Export Features to GeodatabaseExport Features to Geodatabase

With the output feature class in Pro, I then created a map layer, taking the opportunity to apply symbology other than the pink lemonade default, then overwrote my target feature layer.

With the overwritten target layer, I then added a unique index for my match key field:

Add Unique IndexAdd Unique Index

Now the target layer is in shape for configuring upsert (and delete) processing!

The ChangeDetector transformer is what generates the upsert and delete change sets.  Here are the settings:

Change Detector ParametersChange Detector Parameters

Using match attributes:

Detection FieldsDetection Fields

Change detection comes at the expense of reading the target features in addition to the source features but does deliver an optimally small edit payload.  For my subject matter data the whole job takes 5 minutes.

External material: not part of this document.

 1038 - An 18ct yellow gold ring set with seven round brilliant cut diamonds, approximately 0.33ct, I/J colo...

To reiterate, while I'm showing a hosted feature layer as my target information product, upsert write capability is also available for geodatabase features via ArcGIS Data Interoperability.

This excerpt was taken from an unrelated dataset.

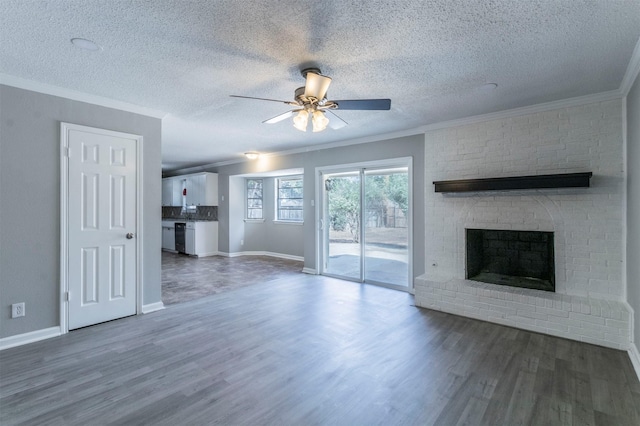 unfurnished living room with a fireplace, ceiling fan, crown molding, dark wood-type flooring, and a textured ceiling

For completeness, I'll give a shout out to two other places upsert capability is offered in ArcGIS, namely the Append geoprocessing tool and  Data Pipelines Add and Update output option. However, if you need to delete features as well as upsert them, then in core geoprocessing you'll need to use Delete Features or Delete Rows or in Data Pipelines replace the output feature layer. This pipeline does that job for the feature layer my ETL tool operates on.

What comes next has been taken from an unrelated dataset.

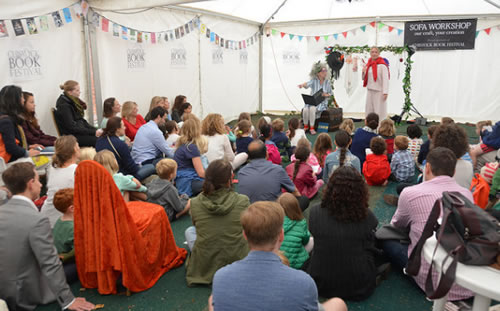 children listening to stories in a tent at the chiswick book festival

Data Pipeline Replacing Los Angeles AddressesData Pipeline Replacing Los Angeles Addresses

I'll take the opportunity here to call out that using Data Pipelines to maintain hosted feature layers in ArcGIS Online that were created by separate ETL processes is perfectly valid.  In my pipeline you'll see the Map Fields tool that greatly assists connecting the schema coming from a CSV file with how I defined the schema using Data Interoperability.  

So there it is, upsert is there for you, ready to go!

The blog download has my Spatial ETL tool plus associated toolbox with the models.

4 Comments
ShareUser
Esri Community Manager

What products are required for this?

BruceHarold
Esri Regular Contributor

Thanks for the question, I edited the article to hopefully make it clearer where upsert capability is supported in ArcGIS.  My worked example uses ArcGIS Data Interoperability, which can work against hundreds of data sources, but see also core geoprocessing supports upsert in the Append geoprocessing tool and ArcGIS Data Pipelines also has an upsert capability.

BruceHarold
Esri Regular Contributor

Here is a run with some sample feature counts.

Upsert with feature countsUpsert with feature counts

BruceHarold
Esri Regular Contributor

Hello everyone.  It is worth noting that upsert writes are asynchronous, which for small jobs (as can be created by change detection) has some overhead, so my example scenario isn't ideal.  In production you might consider upserts for cases where there are larger update and insert transactions, and use synchronous insert, update and delete write modes for smaller jobs.